В военной среде разговоры в основном велись невеселые. Николая Павловича боялись, а то и просто ненавидели, в общем готовились к худшему. В принципе же, после невнятных последних лет александровского царствования, приведших чуть ли не к анархии в управлении государством, от вступившего на престол тридцатилетнего императора ждали энергичного наведения порядка во всех сферах жизни, воцарения законности, борьбы с чиновничьим всевластием, тем более что чисто внешне Николай импонировал публике.
В то же время в начале нового царствования доминирующей тенденцией были общие надежды на проведение насущных реформ «сверху», «благодаря мудрости монарха, достойного блаженной памяти Петра Великого». Это находило отражение в письмах и записках 1826 г. на имя Николая I видных декабристов, в публицистических высказываниях деятелей проправительственного лагеря, а также в первых отчетах III отделения «о состоянии общественного мнения»

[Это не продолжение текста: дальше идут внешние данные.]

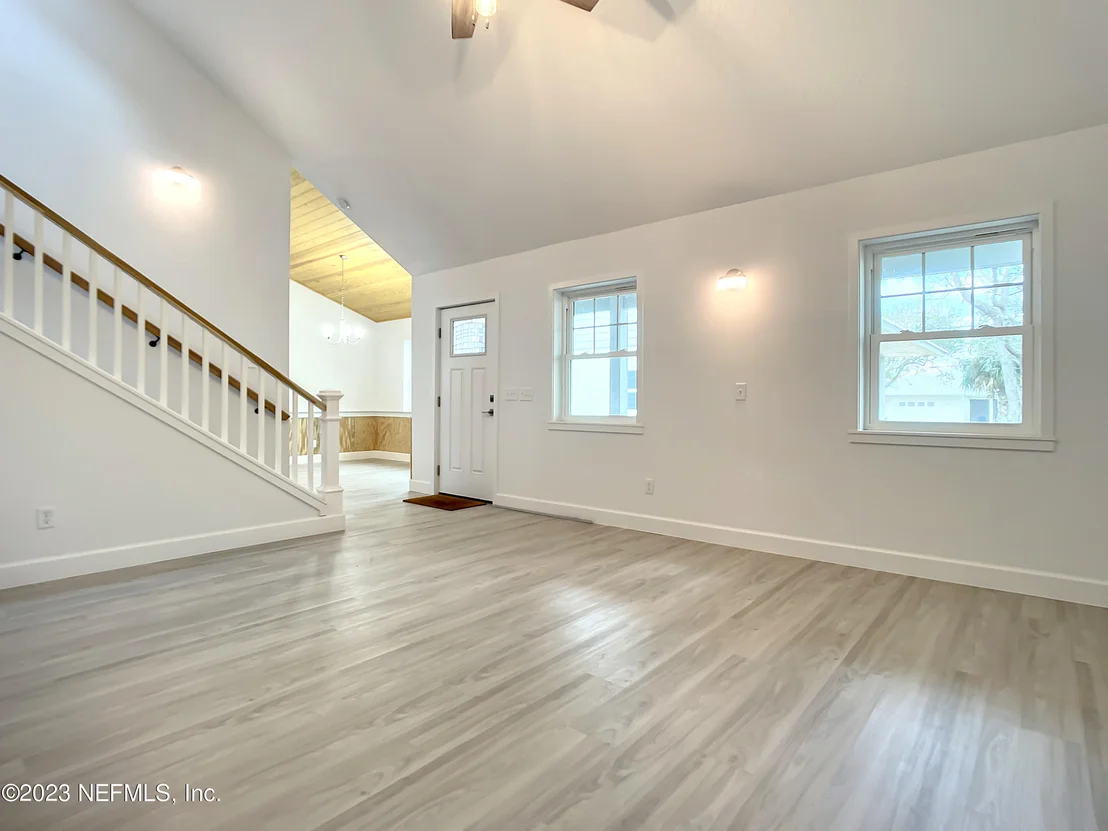 Photo of 6635 MADISON Street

[80]. Сопоставление Николая I с Петром возникло сразу после событий 14 декабря 1825 г., то есть еще задолго до аналогичного сравнения в записках Астольфа де Кюстина, а потом и барона Проспера де Баранта.

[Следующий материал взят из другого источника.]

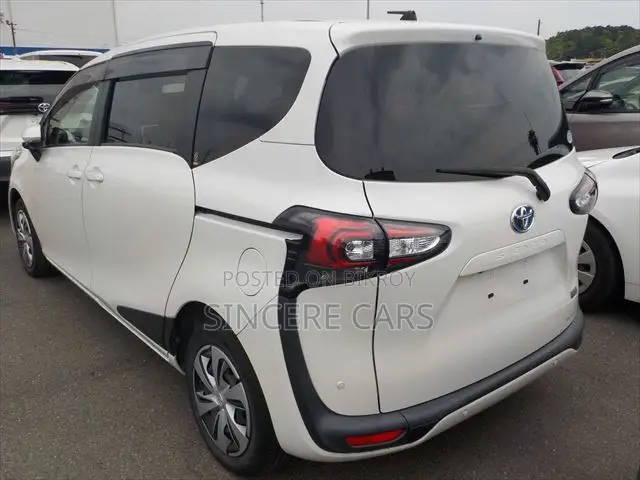 Toyota Sienta 2021 Pearl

Теперь посмотрим, какие надежды французы возлагали на Луи-Филиппа. Очень точно их ожидания выразил прославленный герой трех революций генерал Лафайет. Еще в жаркие июльские дни 1830 г. во время визита герцога Орлеанского в Ратушу после переговоров с ним маркиз успокоился на фразе «Луи-Филипп – лучшая из республик» и вышел вместе с генералом, держа в руках трехцветное знамя, на балкон Ратуши. Толпа восторженно приветствовала Луи-Филиппа, который немедленно утвердил в министерских должностях всех комиссаров, назначенных Временным правительством.
Однако либералы-орлеанисты, пришедшие к власти, после единодушия «Трех славных дней», как французы именуют события Июльской революции, очень быстро разошлись во взглядах на дальнейшее развитие французского общества, разделившись на два фланга – Движение и Сопротивление. Если сторонники политики Движения настаивали на необходимости дальнейшего реформирования французского общества в направлении его демократизации и либерализации, то сторонники политики Сопротивления считали, что революция окончена и вместо того, чтобы заниматься постоянной модернизацией политических институтов, надо постараться жить в рамках достигнутого. Все, в чем Франция нуждалась, по мнению приверженцев политики Сопротивления, было гарантировано Конституционной хартией 1830 г. Кроме того, если сторонники политики Движения выступали за широкомасштабную внешнюю политику, ликвидацию ненавистной французам Венской системы, поддерживая идею «экспорта революции» в ее новом варианте, то Луи-Филипп, стремившийся обеспечить полноправное место Франции в «европейском концерте», был противником насильственного распространения либеральных идей за пределы отечества, выступал против прямого вмешательства во внутренние дела других стран и за проведение политики в рамках Венской системы. По мнению Луи-Филиппа, перед страной стояли следующие задачи в области внешней и внутренней политики: «Долг национального правительства заключается в том, чтобы подавить внутреннее брожение, обеспечить сохранение общественного порядка и упрочить внешний мир»
[81]. О внешнеполитических задачах Франции король писал: «После блестящего урожая побед, собранного на протяжении многих веков французской нацией, ей принадлежит, может быть, больше, чем кому-либо другому, право признать, что мирные добродетели являются не менее впечатляющими, чем военные заслуги». Однако в дальнейшем именно замедление темпа реформ и несоответствие умеренного внешнеполитического курса Луи-Филиппа народным ожиданиям станет во многом фатальным для режима.